(Data excerpts):
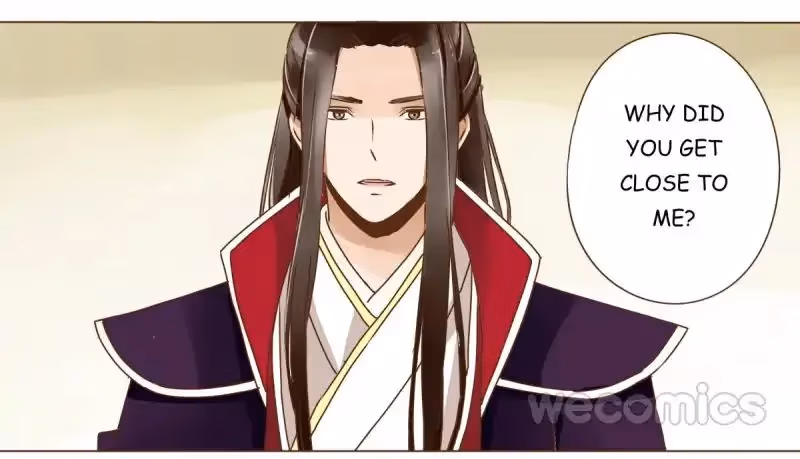 Next to the Prince Chapter 12 page 41 - 
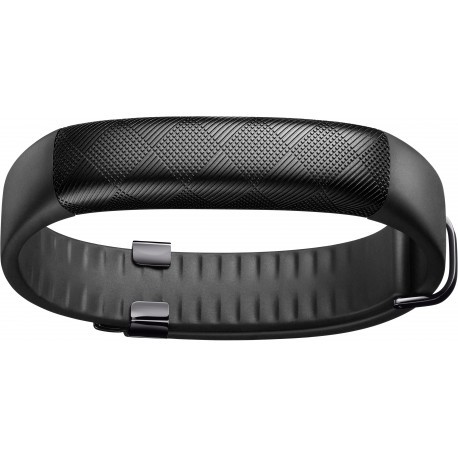 Jawbone aktiivsusmonitor UP2 Diamond, must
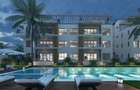 Serviced 2 Bed Apartment with En Suite in Diani - 1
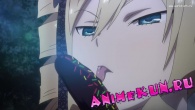 Tokyo Ravens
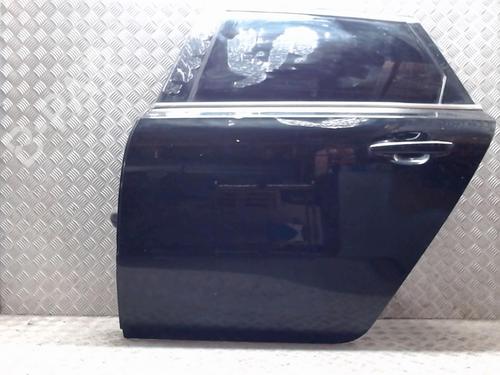 Used Left rear door PEUGEOT 508 SW I (8E_) 2.2 HDi (204 hp) 23834222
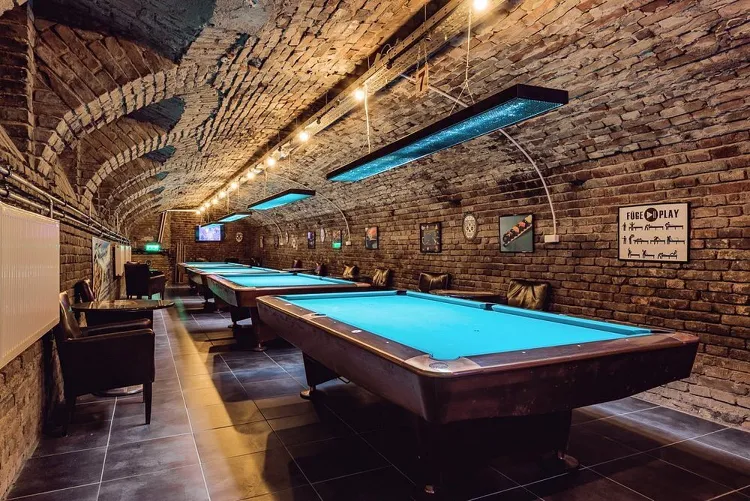 Füge Udvar munkahelyi fotója - Bártender állás Budapest (Kép 3)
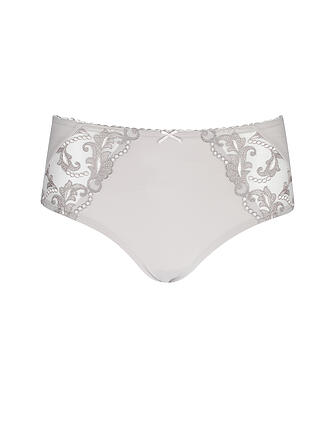 FELINA | Slip - Culotte taille haute Secret Delight gris perle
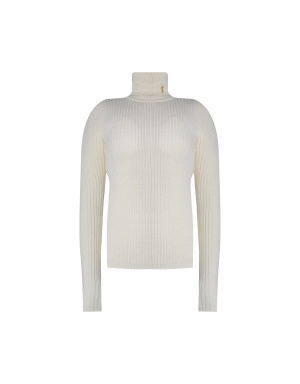 SAINT LAURENT Paris Водолазка 28189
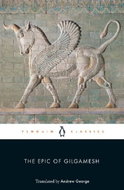 Epic of Gilgamesh - Kniha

(What you should do):
From the line containing "Tokyo Ravens" down to the last line of the entries above, set down every line exactly. Omit all pictures.

(Solution to the exercise):
 Tokyo Ravens
 Used Left rear door PEUGEOT 508 SW I (8E_) 2.2 HDi (204 hp) 23834222
 Füge Udvar munkahelyi fotója - Bártender állás Budapest (Kép 3)
 FELINA | Slip - Culotte taille haute Secret Delight gris perle
 SAINT LAURENT Paris Водолазка 28189
 Epic of Gilgamesh - Kniha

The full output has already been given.